By Colin Bateman, republished from Express.co.uk
At 29, the Yorkshireman is at the peak of his powers and has been a key figure in squash’s bid for Olympic recognition in a series of presentations to the IOC aimed at securing inclusion in the 2020 Games.
Squash missed out on inclusion at 2012 by a whisker and then made a hash of its bid for Rio de Janeiro in 2016 while golf and rugby sevens were given the nod.
Now 2020 is the vision as it competes alongside such notable sports as wushu (a martial art), wakeboarding (a type of waterskiing), climbing, karate, rollersports and baseball for a place at the Games in seven years’ time. The IOC announce their decision in September.
“My dream of competing in the Olympics may never be realised,” says Willstrop. “I think 2020 is too far away for me. I’ll be about 37 then and I can’t see me still being at the top of what is such a tough sport.
“I went to the Olympics last summer and it was fabulous. It’s disappointing not to have made it but I have had such a wonderful career in squash I’d be thrilled to see it there.
“We can’t really get any answers as to why we have missed out but we keep trying. Most people are flabbergasted squash is not in the Olympics when every other major racket sport is there.

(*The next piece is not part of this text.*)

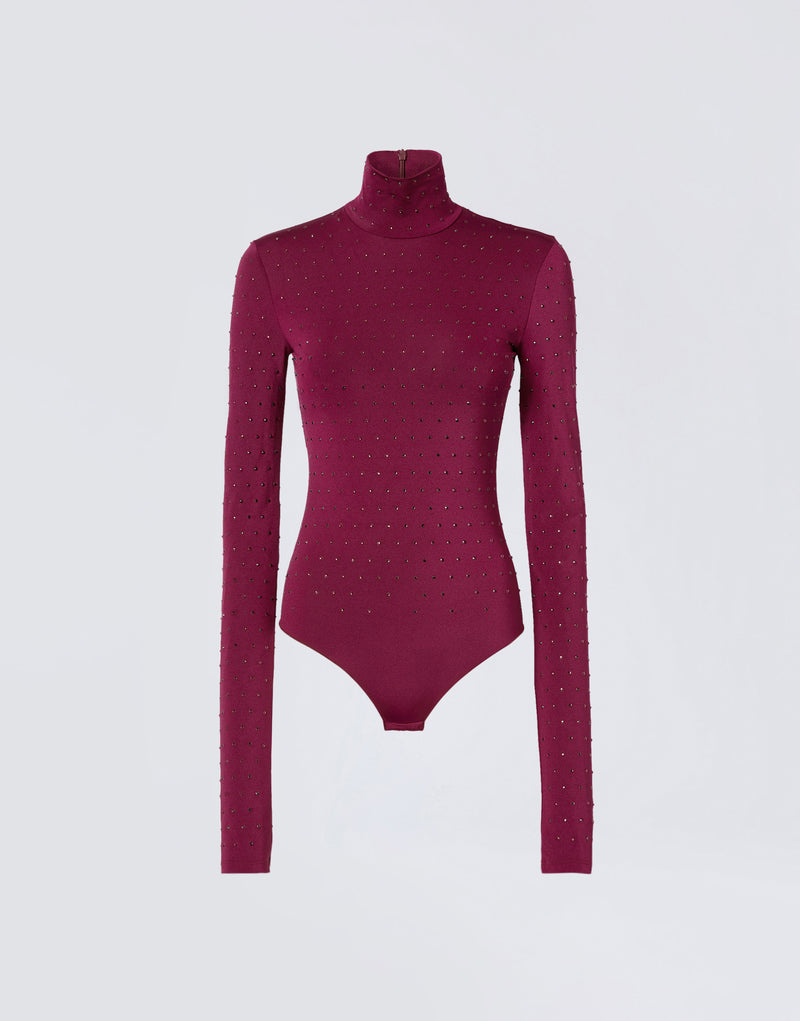
                          Frontal view of the Ziggy Bodysuit in cabernet lightweight jersey, featuring all-over crystals, long sleeves, and a turtleneck with a zip closure at the back.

“It’s gladiatorial and has all the elements of an Olympic sport, it’s played in so many countries and is easily accessible. It is difficult to take when you miss out to rugby and golf. Golf is a prime example of a sport that surprisingly got in ahead of us – but it is all about what sponsors and TV want, I guess.
“You can’t blame the Olympic people if they want the likes of Tiger Woods and the big-money sports, that’s the way of the world, but it is disappointing for us because we feel squash is made for the Olympics.”
Squash missed its chance for 2012 by a handful of votes seven years earlier, a decision which almost certainly cost Team GB yet more valuable metal.
Last year Willstrop and compatriot Nick Matthew were No 1 and No 2 in the world while in the women’s rankings, Laura Massaro and Jenny Duncalf were in the top three.
“I believe we probably have our strongest squash team ever and Britain would have been incredibly strong at London,” says Willstrop. “If you went by the rankings we would have won a collection of medals.
“When we failed to get the vote in 2005 I remember it as clear as day. I was in the gym training, I was about 21, in the world’s top 10 and would have been at my peak for 2012.
“When we missed out it was horrible. We got the most votes of the five sports that put in but didn’t quite have a two-thirds majority needed.
“It was a triple whammy of disappointment not to make it, but squash in this country is in good shape, we fund it well and have great systems to bring players through. There are some cracking juniors coming on and we should be very strong in 2020.”
Egypt’s Ramy Ashour takes over as world No 1 when the rankings are revised today but he has withdrawn from Queen’s with an injury, leaving Willstrop as the top seed among the eight men that include Matthew and Britain’s Peter Barker.
Massaro and Duncalf compete in the women’s event that also brings the top eight players to London this week for the sport to showcase itself once again with live TV coverage on Sky.
Willstrop said: “The World Series Finals is the equivalent of tennis’s ATP Tour finals with the leading eight points earners from the year. Every top player wants to win this one.”